BD.4320
1 juni 1948
Het heden brengt het einde
En Ik zeg u steeds weer: u zult het einde meemaken. Het is
een dringend roepen dat Ik als waarschuwing de mensen doe toekomen die
nu op de aarde leven. Het is een roep die Ik nog zal versterken, omdat
het nodig is dat u de zekerheid loslaat nog veel tijd te hebben, omdat
het nodig is dat u zich bezighoudt met het denken aan een plotseling einde
en dichter bij Mij tracht te komen.
U hebt nog slechts weinig tijd en u zult zeer spoedig uit uw rust worden
opgeschrikt, er zal een angst in uw hart komen, die u alleen zult kunnen
bezweren door Mij aan te roepen, door gelovig gebed, dat u kracht en rust
zal geven. De tijd is vervuld, en of u zich ook tegen deze gedachte verweert,
u moet voorbereid zijn op alles wat het einde met zich meebrengt.
Jullie zijn het die de laatste strijd meemaken, die hem moeten doorstaan.
Jullie zijn het die het laatste gericht meemaken, die, óf mijn
komen in de wolken en het thuishalen van de rechtvaardigen, óf
het laatste vernietigingswerk zich zien afspelen, al naar uw instelling
tegenover Mij, naar uw wil en uw liefde. Jullie zijn het die moeten beslissen,
omdat er voor jullie na de dood geen binnengaan in het rijk hierna meer
is als jullie je tot de tegenstander wenden, maar je gang door de schepping
van de nieuwe aarde opnieuw zult moeten afleggen volgens mijn raadsbesluit
van eeuwigheid.
Verwacht het einde niet in de toekomst, maak u vertrouwd met de gedachte
dat het heden u het einde brengt, dat u zelf wordt getroffen en dat alles
over u zal komen wat zieners en profeten hebben voorspeld in mijn wil.
Ik kan er alleen steeds weer op wijzen, en als bevestiging van mijn woord
van boven tot u spreken.
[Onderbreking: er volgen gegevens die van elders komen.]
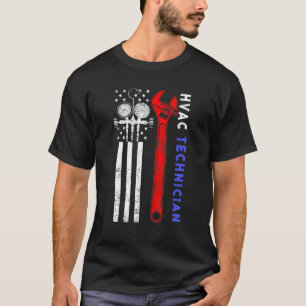 Vintage American Flag Hvac Technician Usa Hvac Tec T-Shirt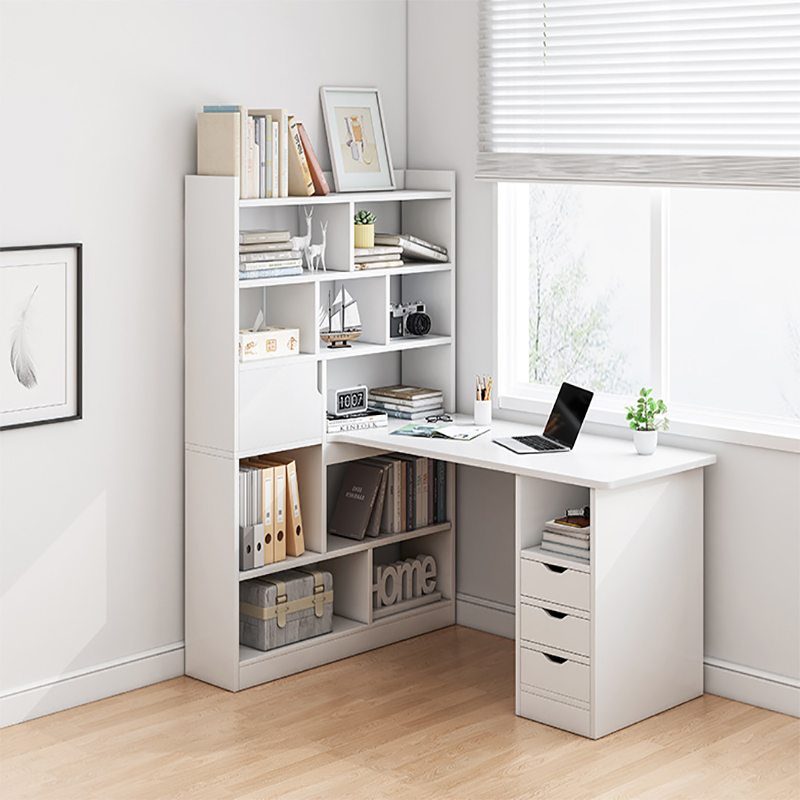 Corner Desk Home Book Room Corner Small Family Desk Bookshelf Integrated Student L Type Desk Study Desk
En Ik zal dit binnenkort doen, omdat de tijd
voor het einde dringt.
Ik zal u, die de mijnen bent door uw wil Mij te dienen, nog eenmaal kort
tevoren op de hoogte brengen, opdat u niet onvoorbereid de dag meemaakt.
Want ofschoon u gelooft dat mijn woord waarheid is, neemt ook u mijn voorzegging
nog niet ernstig genoeg. U houdt nog steeds rekening met een laatste uitstel,
maar nooit met mijn spoedig komen, dat u echter te wachten staat. Maar
heel vurig zult u Mij verwachten als de tijd van de geloofsstrijd is gekomen
en u de laatste fase van deze aardperiode bent binnengegaan.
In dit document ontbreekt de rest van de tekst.